I was in Vegas this week and had a rental car. A Nissan Versa SV...2013. Awful car but I believe it is the cheapest or one of the cheapest new cars available although the SV has a list of $15K, $3K+ over the base model. The steering and CVT transmission were pitiful. But what is the point, Mike? I had to fill the car up before returning it to Budget. The fuel gauge told me the fuel door was on the right (I'm learning) so I attempted the appropriate action--pressing on the fuel door just like my Cruze--for naught. 

But, alas, even in this cheap rental mobile, there is an inside fuel door release AND an inside trunk release. Both of which would be valuable additions to my car.


----------



## NickD (Dec 10, 2011)

Not a problem for me, 82 Pace Arrow, 88 Supra, 04 Cavalier, and 12 Cruze all have the gas cap doors on the right side.

Only problem I have is with most other vehicles at a busy gas station, pulling in the wrong side of the pump as every one else's seem to be on the left hand side. Many times I have to back in, least all four vehicles have a reverse.


----------



## NBrehm (Jun 27, 2011)

MD5335 said:


> But, alas, even in this cheap rental mobile, there is an inside fuel door release AND an inside trunk release. Both of which would be valuable additions to my car.


Just out of curiosity why? How often do you need to open the trunk or fuel door when you aren't standing right next to it?


----------



## NickD (Dec 10, 2011)

Wish the Cruze had a locking fuel door, really no concern about anybody trying to siphon gas out of these new cars. Almost next to impossible. Save an old external fuel pump when forced to drop the tank to replace that way over priced fuel pump tht is buried deep in there.

Of major concern is nasty people dropping nasty stuff in your tank. I don't seem to have that problem, but my kid's sure did when going to these idiotic high schools. Especially if you have nice looking daughters that don't want to date some creep. 

Would be happy with just a simple spring loaded pin hooked to a string you can pull from the inside of the trunk. Thought about that, but a lot more work involved with all that cheap plastic to deal with.


----------



## obermd (Mar 3, 2012)

NBrehm said:


> Just out of curiosity why? How often do you need to open the trunk or fuel door when you aren't standing right next to it?

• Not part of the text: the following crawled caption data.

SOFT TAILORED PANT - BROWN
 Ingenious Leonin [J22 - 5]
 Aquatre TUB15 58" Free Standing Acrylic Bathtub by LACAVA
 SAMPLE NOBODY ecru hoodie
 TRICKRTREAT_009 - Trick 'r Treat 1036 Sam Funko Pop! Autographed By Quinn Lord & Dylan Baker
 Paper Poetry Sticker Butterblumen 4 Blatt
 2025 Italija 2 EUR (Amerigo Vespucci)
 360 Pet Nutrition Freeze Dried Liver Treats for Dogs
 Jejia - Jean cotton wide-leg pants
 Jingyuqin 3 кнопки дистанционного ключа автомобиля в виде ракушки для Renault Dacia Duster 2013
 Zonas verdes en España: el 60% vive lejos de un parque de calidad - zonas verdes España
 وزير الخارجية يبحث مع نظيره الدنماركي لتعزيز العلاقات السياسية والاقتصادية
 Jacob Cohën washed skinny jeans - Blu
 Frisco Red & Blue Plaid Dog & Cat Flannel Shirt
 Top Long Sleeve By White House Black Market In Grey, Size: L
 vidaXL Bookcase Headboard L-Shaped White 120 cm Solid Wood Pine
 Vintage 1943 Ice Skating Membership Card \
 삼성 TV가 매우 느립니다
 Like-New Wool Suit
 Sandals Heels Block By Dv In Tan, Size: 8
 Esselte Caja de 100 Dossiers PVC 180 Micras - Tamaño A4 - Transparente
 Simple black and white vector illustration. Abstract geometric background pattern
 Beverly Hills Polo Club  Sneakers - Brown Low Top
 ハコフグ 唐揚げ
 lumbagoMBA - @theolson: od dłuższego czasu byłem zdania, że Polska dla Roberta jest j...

If you're in NJ or Oregon, always. You aren't allowed to pump your own gas in those two states.


----------



## timeos2 (Feb 3, 2013)

I had the "how do I do it" moment about 1.5 years before I purchased my Cruze. June 2011 - first time fill up of my brand new Chevy HHR LT - looking EVERYWHERE for the gas door release (as my 92 Saturn, 82 Pontiac J2000, 86 Pontiac Fiero GT and others all had when the gas door had no visible external key/latch). Finally I'm stumped & simply go over to the gas door to study it. Press tentatively & it seems to depress - try with a little more force & Voila! It opens! Hardly a security feature as I was assuming it was and a bit troubling that I have to put my (or have some uncaring gas jockey put their) hand on the paint & potentially slide & scratch it. 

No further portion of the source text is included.